# Tokenization

Parsing text into tokens - words, punctuation or numbers

In [8]:
import re
import spacy
import pandas as pd

nlp = spacy.load('en_core_web_sm')

doc = nlp(open('./assets/sentence_got.txt').read())
chapter = nlp(open('./assets/chapter_got.txt').read())

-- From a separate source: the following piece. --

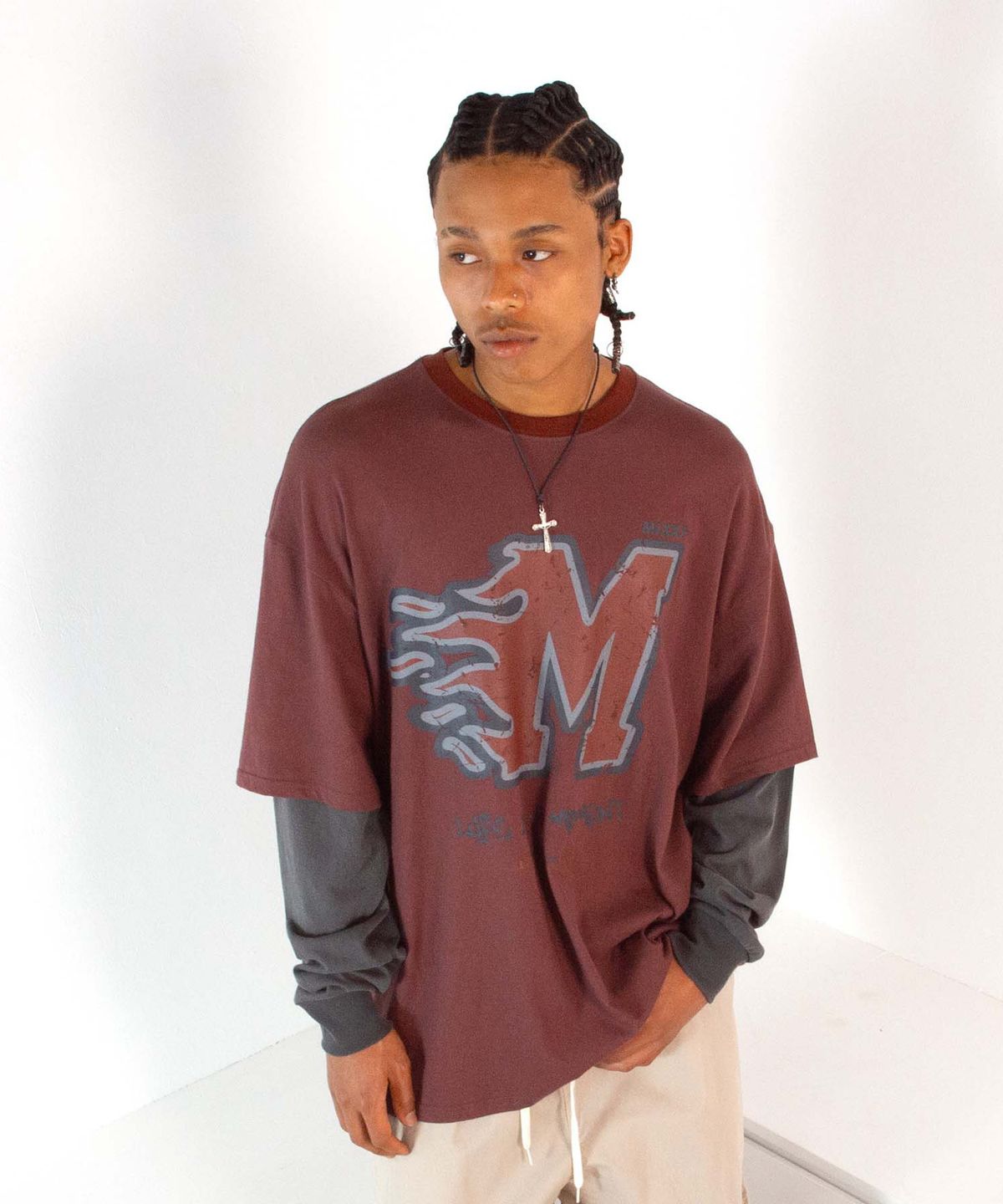 믹쓰제이(MIXXJ) FLAME LAYERED LONG SLEEVE (BURGUNDY)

print([token.text for token in doc])

['“', 'We', 'should', 'start', 'back', ',', '”', 'Gared', 'urged', 'as', 'the', 'woods', 'began', 'to', 'grow', 'dark', 'around', 'them', '.', '\n', '“', 'The', 'wildlings', 'are', 'dead', '.', '”']


# Lemmatization

Reducing tokens to it's base forms. 

In [9]:
df = pd.DataFrame([(token.text, token.lemma_) for token in doc], columns=['Token', 'Lemma'])

df.style

Unnamed: 0,Token,Lemma
0,“,""""
1,We,we
2,should,should
3,start,start
4,back,back
5,",",","
6,”,""""
7,Gared,Gared
8,urged,urge
9,as,as


# Coarse-grained part-of-speech

Core parts of speech - noun, pronoun, determiner, adjective, verb, adverb, preposition, conjunction and interjection

In [10]:
pd.DataFrame([(token.text, token.pos_) for token in doc], columns=['Token','POS']).style

Unnamed: 0,Token,POS
0,“,PUNCT
1,We,PRON
2,should,AUX
3,start,VERB
4,back,ADV
5,",",PUNCT
6,”,PUNCT
7,Gared,PROPN
8,urged,VERB
9,as,SCONJ


# Fine-grained part-of-speech

[part-of-speech with morphological features](https://github.com/explosion/spaCy/blob/master/spacy/glossary.py) such as tenses and types of pronouns.

In [11]:
pd.DataFrame([(token.text, token.tag_, spacy.explain(token.tag_)) for token in doc], columns=['Token', 'pos_', 'Explanation']).style

Unnamed: 0,Token,pos_,Explanation
0,“,``,opening quotation mark
1,We,PRP,"pronoun, personal"
2,should,MD,"verb, modal auxiliary"
3,start,VB,"verb, base form"
4,back,RB,adverb
5,",",",","punctuation mark, comma"
6,”,'',closing quotation mark
7,Gared,NNP,"noun, proper singular"
8,urged,VBD,"verb, past tense"
9,as,IN,"conjunction, subordinating or preposition"


# Find quotes

In [7]:
for sentence in chapter.sents:
    quotes = re.findall(r"“(.*?)”", str(sentence))
    
    if len(quotes):
        print(quotes)

['We should start back,']
['The wildlings are dead.']
['Do the dead frighten you?']
['Dead is dead,']
['Are they dead?']
['What proof have we?']
['Will saw them,']
['If he says they are dead, that’s proof enough for me.']
['My wet nurse said the same thing, Will,']
['We have a long ride before us,']
['Bet he killed them all himself, he did,', 'twisted their little heads off, our mighty warrior.']


# Syntactic Relations

In [14]:
pd.DataFrame([(token.head.text, token.dep_, token.text) for token in doc], columns=['Head', 'dep_', 'text']).style

Unnamed: 0,Head,pos_,dep_
0,urged,punct,“
1,start,nsubj,We
2,start,aux,should
3,urged,ccomp,start
4,start,advmod,back
5,urged,punct,","
6,urged,punct,”
7,urged,nsubj,Gared
8,urged,ROOT,urged
9,began,mark,as